◆ Captioned web image data ◆
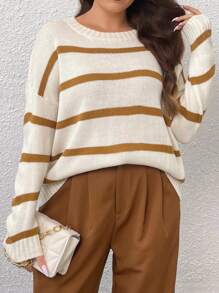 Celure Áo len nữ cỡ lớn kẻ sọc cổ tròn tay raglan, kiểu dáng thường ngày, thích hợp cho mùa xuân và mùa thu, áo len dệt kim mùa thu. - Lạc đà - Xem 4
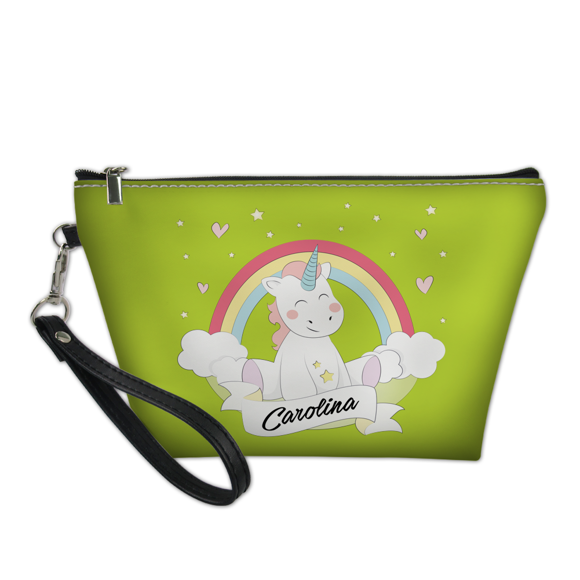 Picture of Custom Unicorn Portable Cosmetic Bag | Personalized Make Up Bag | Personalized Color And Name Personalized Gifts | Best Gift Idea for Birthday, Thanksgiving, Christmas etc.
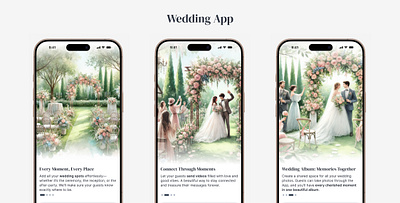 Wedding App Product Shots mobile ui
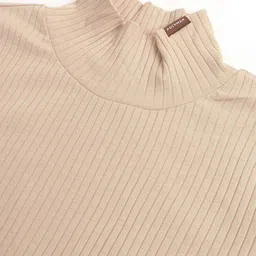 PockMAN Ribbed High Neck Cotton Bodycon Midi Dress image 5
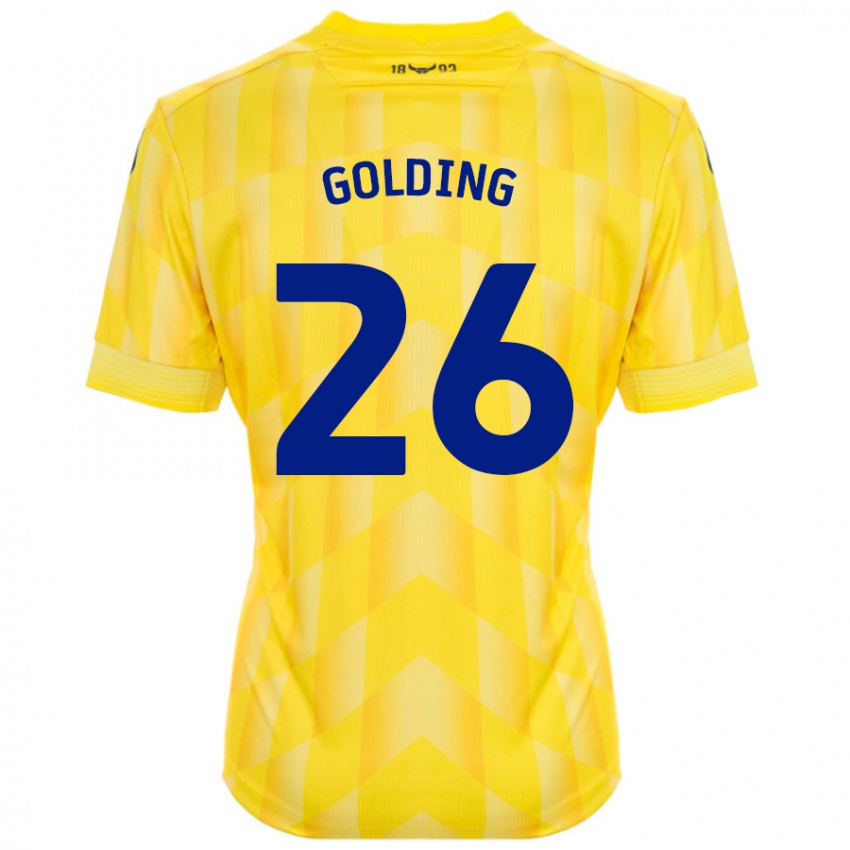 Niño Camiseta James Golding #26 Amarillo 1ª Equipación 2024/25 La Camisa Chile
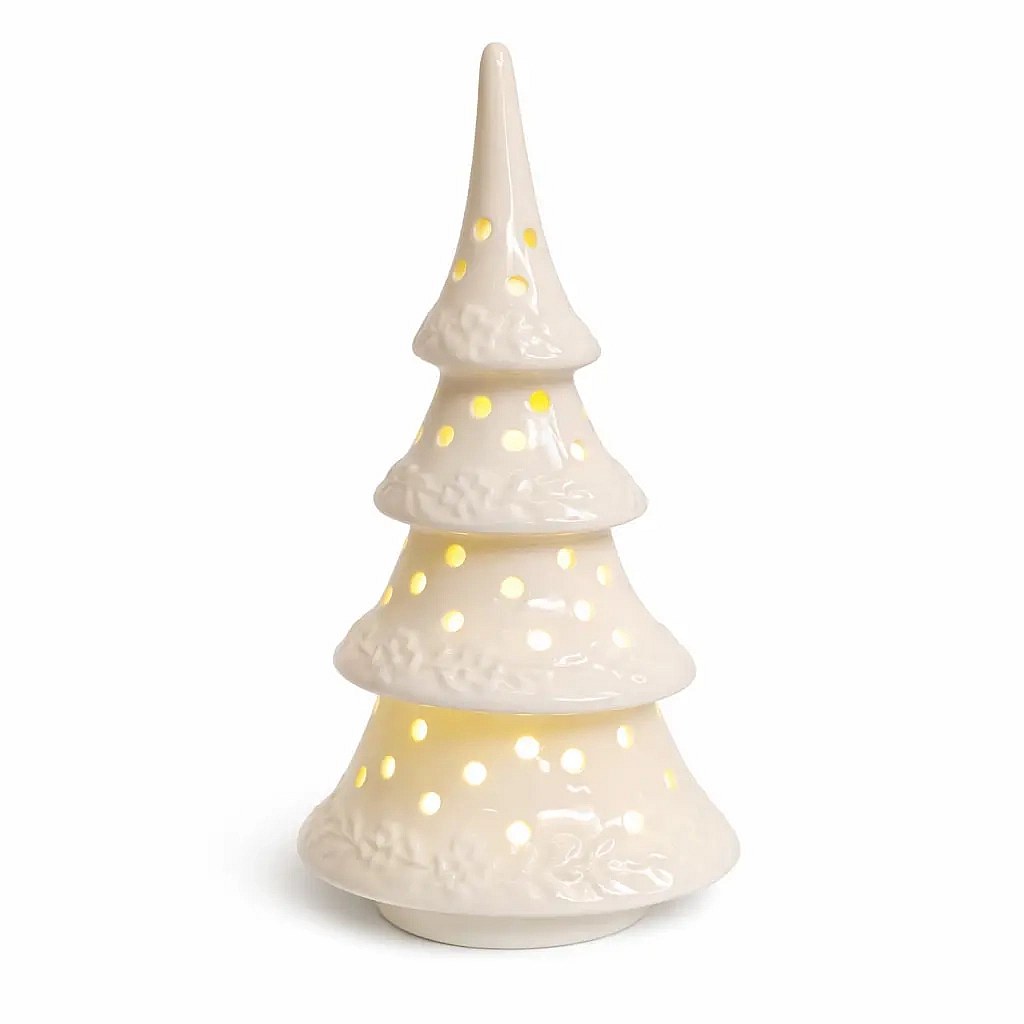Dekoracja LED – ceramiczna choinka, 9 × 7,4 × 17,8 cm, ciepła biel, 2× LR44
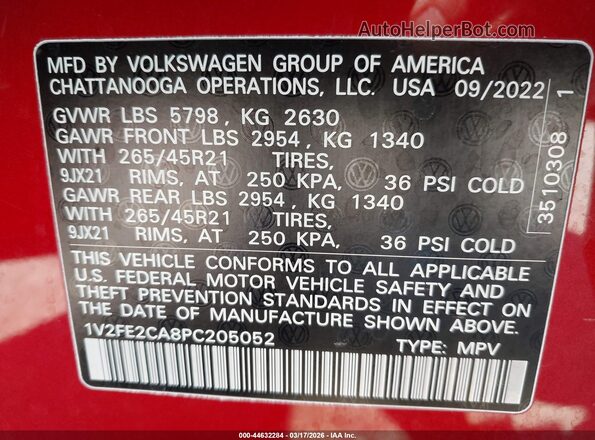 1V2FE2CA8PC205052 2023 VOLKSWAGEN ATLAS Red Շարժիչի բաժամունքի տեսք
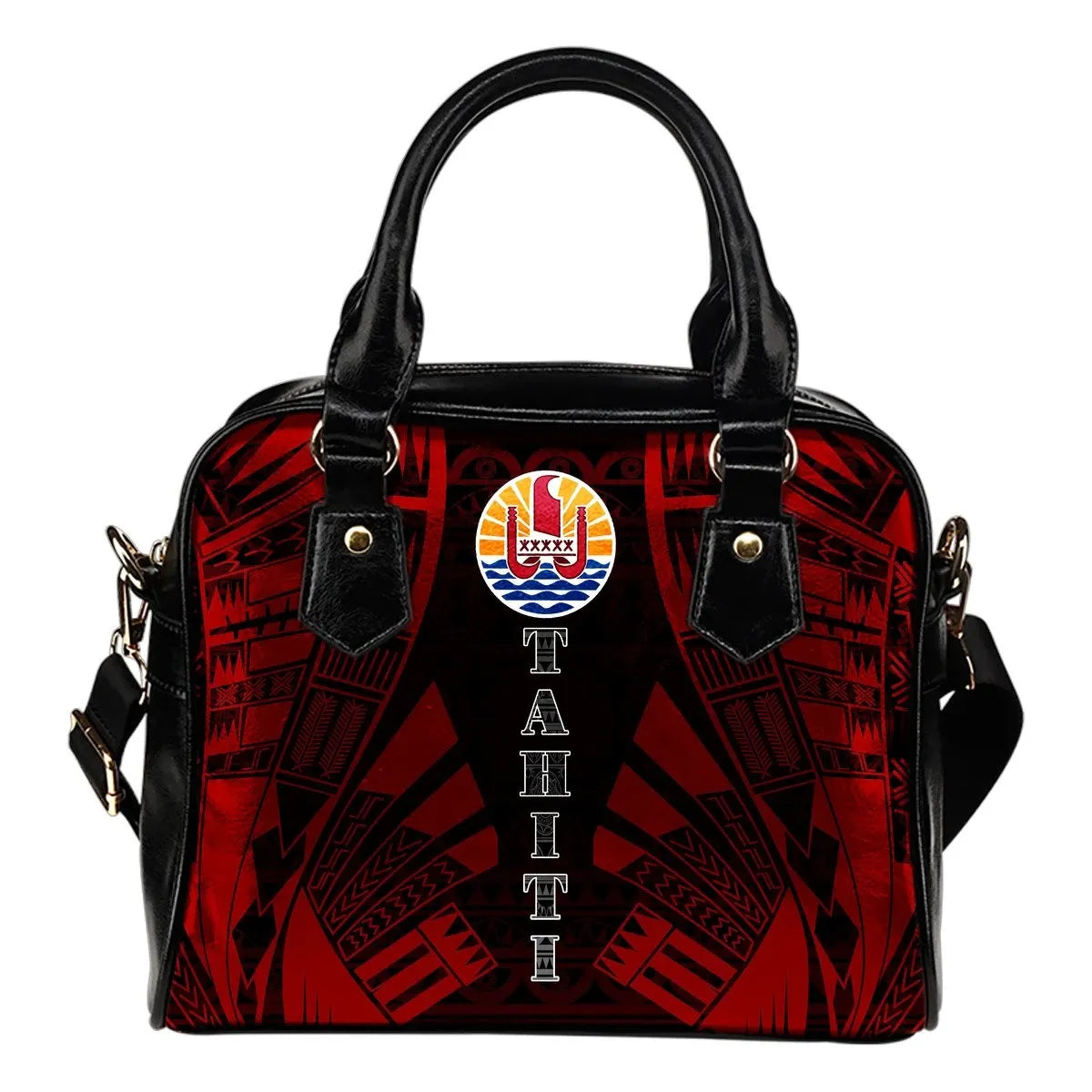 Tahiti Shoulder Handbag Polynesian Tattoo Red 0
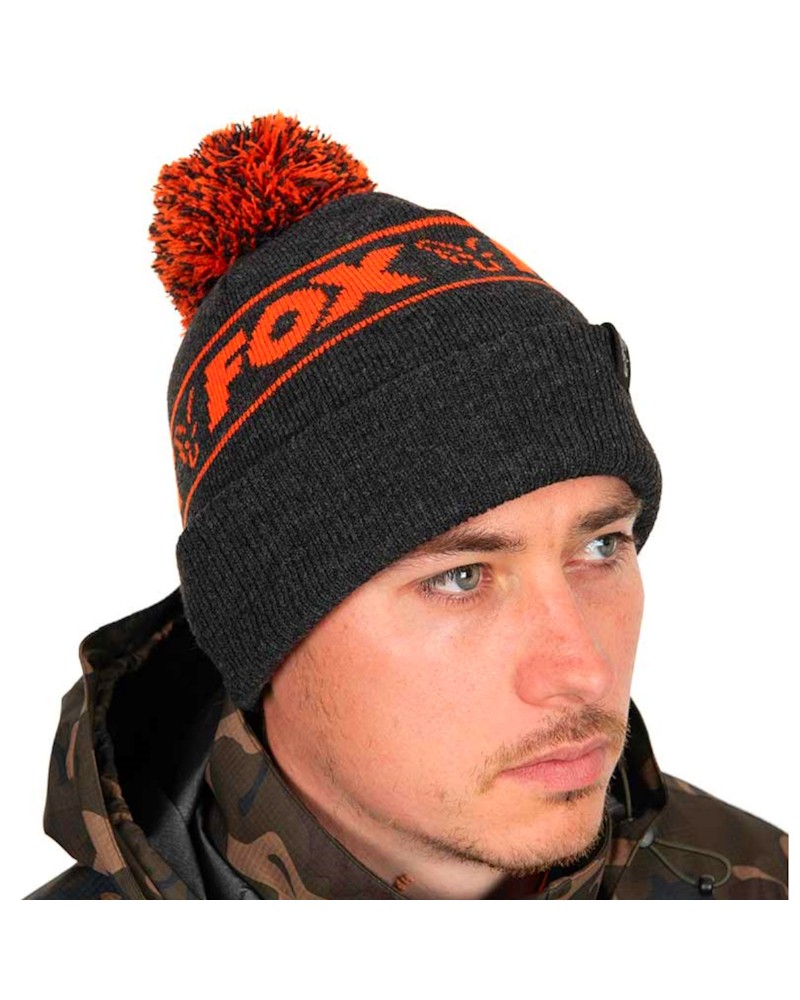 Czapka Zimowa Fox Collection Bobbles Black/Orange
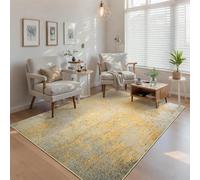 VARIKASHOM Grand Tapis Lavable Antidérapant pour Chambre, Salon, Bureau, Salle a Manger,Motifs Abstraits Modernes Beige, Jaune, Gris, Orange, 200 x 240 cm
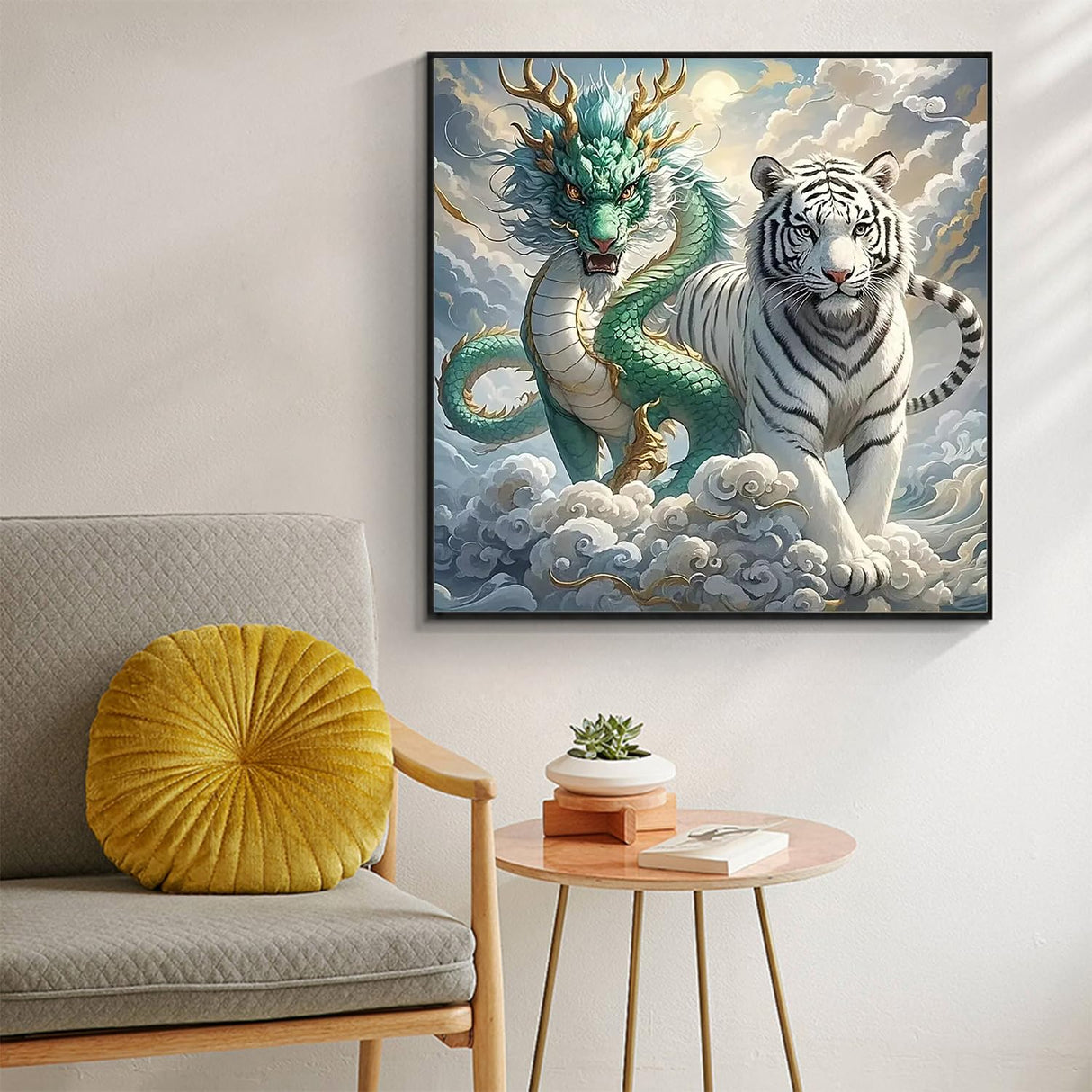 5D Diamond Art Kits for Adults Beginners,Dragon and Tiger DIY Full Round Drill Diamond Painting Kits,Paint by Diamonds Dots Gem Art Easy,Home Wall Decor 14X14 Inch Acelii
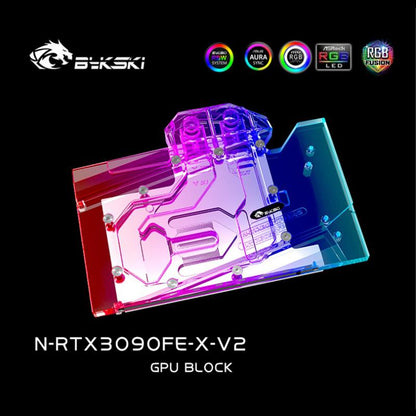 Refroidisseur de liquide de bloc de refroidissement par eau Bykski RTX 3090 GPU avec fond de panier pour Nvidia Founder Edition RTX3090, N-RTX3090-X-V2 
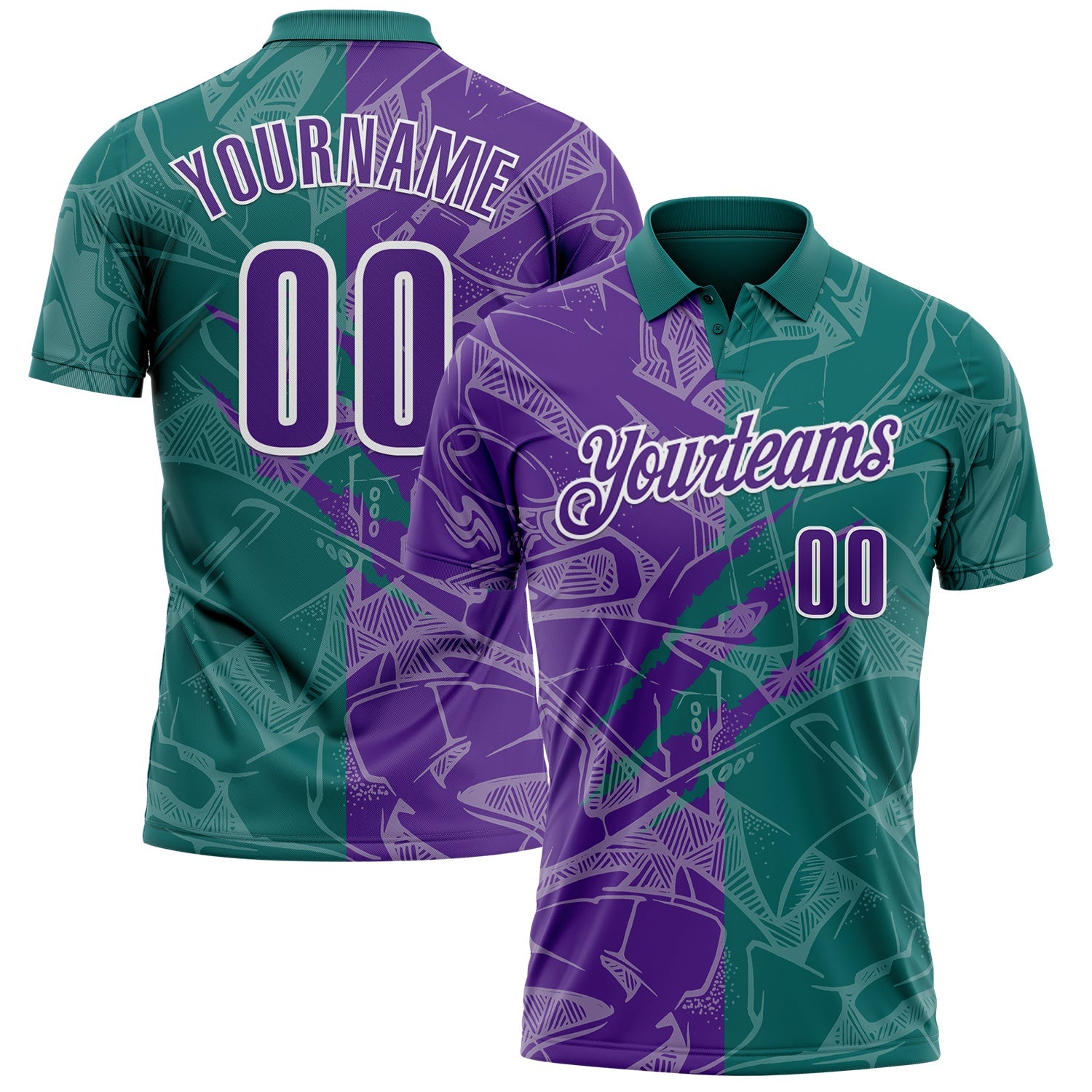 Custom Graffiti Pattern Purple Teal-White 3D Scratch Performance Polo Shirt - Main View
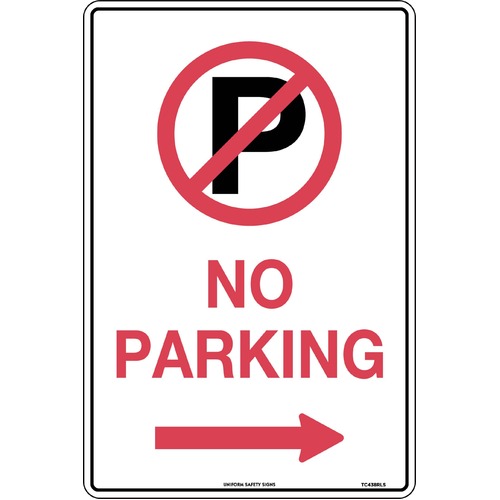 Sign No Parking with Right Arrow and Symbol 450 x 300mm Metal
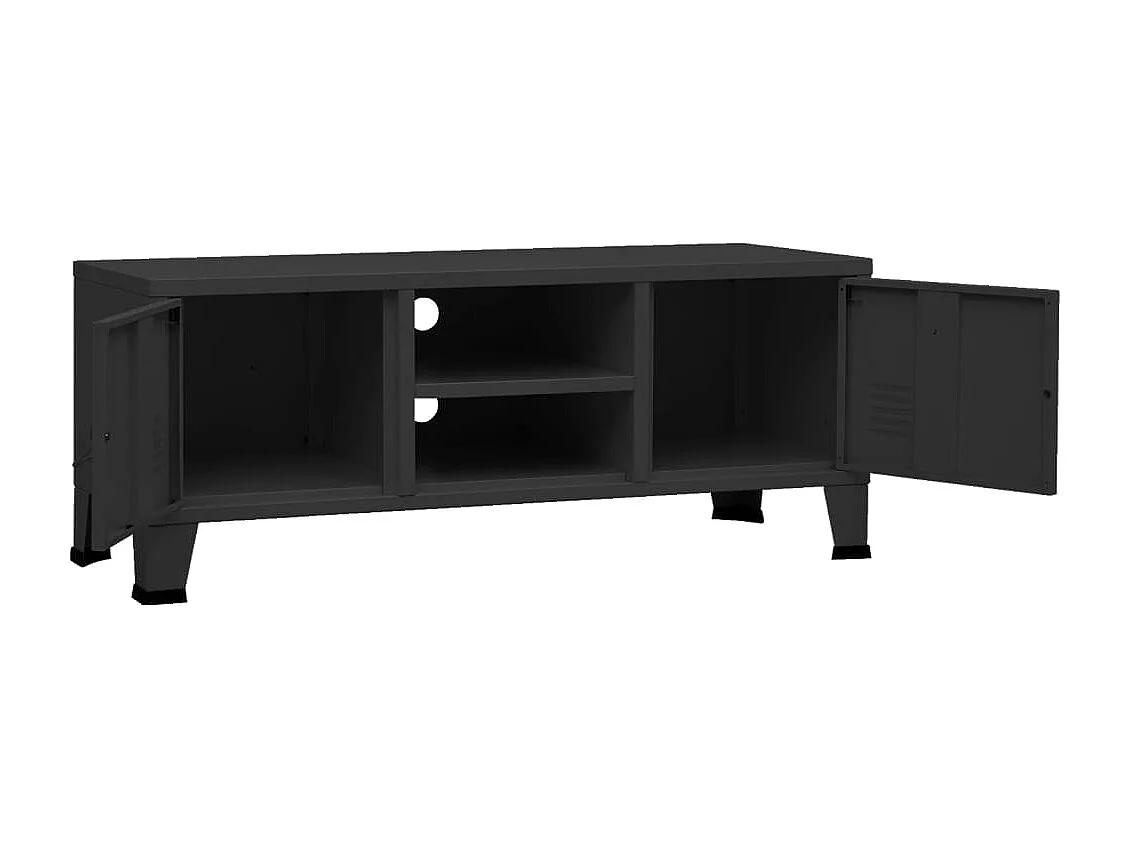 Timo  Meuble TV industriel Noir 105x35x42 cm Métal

◆ What is expected ◆
When you find the line that contains "Dekoracja LED –", retype it and every line after it through the end of the data above, exactly, with no pictures.

◆ Solution for this problem ◆
Dekoracja LED – ceramiczna choinka, 9 × 7,4 × 17,8 cm, ciepła biel, 2× LR44
 1V2FE2CA8PC205052 2023 VOLKSWAGEN ATLAS Red Շարժիչի բաժամունքի տեսք
 Tahiti Shoulder Handbag Polynesian Tattoo Red 0
 Czapka Zimowa Fox Collection Bobbles Black/Orange
 VARIKASHOM Grand Tapis Lavable Antidérapant pour Chambre, Salon, Bureau, Salle a Manger,Motifs Abstraits Modernes Beige, Jaune, Gris, Orange, 200 x 240 cm
 5D Diamond Art Kits for Adults Beginners,Dragon and Tiger DIY Full Round Drill Diamond Painting Kits,Paint by Diamonds Dots Gem Art Easy,Home Wall Decor 14X14 Inch Acelii
 Refroidisseur de liquide de bloc de refroidissement par eau Bykski RTX 3090 GPU avec fond de panier pour Nvidia Founder Edition RTX3090, N-RTX3090-X-V2 
 Custom Graffiti Pattern Purple Teal-White 3D Scratch Performance Polo Shirt - Main View
 Sign No Parking with Right Arrow and Symbol 450 x 300mm Metal
 Timo  Meuble TV industriel Noir 105x35x42 cm Métal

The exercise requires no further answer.